=== Task item ===
In the records below, find the line that contains "AI-generated fantasy visualization" and the line that contains "Cabi women's Floral". Set down exactly those lines and every line between them, and nothing more.

[Short web captions]

:::

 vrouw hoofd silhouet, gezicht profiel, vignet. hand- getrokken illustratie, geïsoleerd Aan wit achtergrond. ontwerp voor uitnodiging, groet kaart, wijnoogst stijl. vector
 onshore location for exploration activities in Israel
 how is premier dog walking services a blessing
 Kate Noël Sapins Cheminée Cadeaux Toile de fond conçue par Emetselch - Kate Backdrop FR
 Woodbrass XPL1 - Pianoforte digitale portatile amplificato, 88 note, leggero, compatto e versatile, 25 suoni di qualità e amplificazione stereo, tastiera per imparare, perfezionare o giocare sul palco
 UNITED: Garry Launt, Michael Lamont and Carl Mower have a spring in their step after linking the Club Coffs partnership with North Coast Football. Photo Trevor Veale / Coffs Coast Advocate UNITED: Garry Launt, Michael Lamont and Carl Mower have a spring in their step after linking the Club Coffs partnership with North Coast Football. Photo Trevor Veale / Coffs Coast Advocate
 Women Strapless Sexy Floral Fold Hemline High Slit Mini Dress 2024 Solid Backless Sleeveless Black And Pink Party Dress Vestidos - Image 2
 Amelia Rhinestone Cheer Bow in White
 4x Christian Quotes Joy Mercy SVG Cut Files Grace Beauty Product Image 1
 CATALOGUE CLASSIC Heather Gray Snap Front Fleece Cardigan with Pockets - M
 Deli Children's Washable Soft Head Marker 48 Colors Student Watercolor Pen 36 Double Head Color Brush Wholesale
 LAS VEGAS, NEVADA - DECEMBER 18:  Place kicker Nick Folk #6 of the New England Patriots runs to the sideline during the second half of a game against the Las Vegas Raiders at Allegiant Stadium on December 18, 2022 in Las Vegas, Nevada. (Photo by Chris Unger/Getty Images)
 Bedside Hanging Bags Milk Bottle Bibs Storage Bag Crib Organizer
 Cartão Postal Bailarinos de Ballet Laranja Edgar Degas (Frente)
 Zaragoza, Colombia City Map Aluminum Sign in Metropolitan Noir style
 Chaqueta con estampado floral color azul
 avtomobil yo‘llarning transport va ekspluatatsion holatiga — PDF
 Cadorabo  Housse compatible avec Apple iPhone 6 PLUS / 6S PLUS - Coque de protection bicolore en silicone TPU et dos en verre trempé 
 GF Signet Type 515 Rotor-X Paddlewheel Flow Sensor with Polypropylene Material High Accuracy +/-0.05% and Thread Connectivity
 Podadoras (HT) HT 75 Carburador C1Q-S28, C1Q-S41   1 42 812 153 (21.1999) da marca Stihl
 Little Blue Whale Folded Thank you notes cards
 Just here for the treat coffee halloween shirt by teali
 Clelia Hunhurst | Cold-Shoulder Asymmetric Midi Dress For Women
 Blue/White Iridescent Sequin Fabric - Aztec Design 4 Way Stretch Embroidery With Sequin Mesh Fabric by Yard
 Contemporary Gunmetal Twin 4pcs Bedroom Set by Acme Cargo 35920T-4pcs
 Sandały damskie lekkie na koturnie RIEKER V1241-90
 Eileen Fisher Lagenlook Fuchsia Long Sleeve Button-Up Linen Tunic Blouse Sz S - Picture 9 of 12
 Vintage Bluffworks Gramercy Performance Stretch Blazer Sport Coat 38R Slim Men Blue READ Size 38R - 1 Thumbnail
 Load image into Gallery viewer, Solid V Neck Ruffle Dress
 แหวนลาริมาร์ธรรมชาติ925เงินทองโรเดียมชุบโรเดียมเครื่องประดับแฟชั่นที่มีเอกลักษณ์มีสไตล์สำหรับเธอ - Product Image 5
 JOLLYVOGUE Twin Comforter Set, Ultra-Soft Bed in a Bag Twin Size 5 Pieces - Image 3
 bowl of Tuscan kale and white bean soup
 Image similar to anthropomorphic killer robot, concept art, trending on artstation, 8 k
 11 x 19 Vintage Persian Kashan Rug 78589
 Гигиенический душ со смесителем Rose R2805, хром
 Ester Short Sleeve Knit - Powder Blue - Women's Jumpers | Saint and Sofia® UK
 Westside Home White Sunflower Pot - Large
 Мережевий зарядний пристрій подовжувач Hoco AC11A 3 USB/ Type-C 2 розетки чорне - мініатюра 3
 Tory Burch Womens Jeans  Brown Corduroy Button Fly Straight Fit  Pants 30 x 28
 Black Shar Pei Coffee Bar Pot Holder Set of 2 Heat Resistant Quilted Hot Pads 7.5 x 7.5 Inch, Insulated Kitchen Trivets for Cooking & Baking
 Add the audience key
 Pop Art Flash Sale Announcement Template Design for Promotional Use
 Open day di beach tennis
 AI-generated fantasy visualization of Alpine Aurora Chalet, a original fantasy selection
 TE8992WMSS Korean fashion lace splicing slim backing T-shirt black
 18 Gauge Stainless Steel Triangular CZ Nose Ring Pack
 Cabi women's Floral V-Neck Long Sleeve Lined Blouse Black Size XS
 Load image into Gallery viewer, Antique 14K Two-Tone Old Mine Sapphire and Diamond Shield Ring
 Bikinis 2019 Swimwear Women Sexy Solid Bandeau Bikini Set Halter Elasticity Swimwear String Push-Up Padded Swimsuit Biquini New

:::

=== Response ===
 AI-generated fantasy visualization of Alpine Aurora Chalet, a original fantasy selection
 TE8992WMSS Korean fashion lace splicing slim backing T-shirt black
 18 Gauge Stainless Steel Triangular CZ Nose Ring Pack
 Cabi women's Floral V-Neck Long Sleeve Lined Blouse Black Size XS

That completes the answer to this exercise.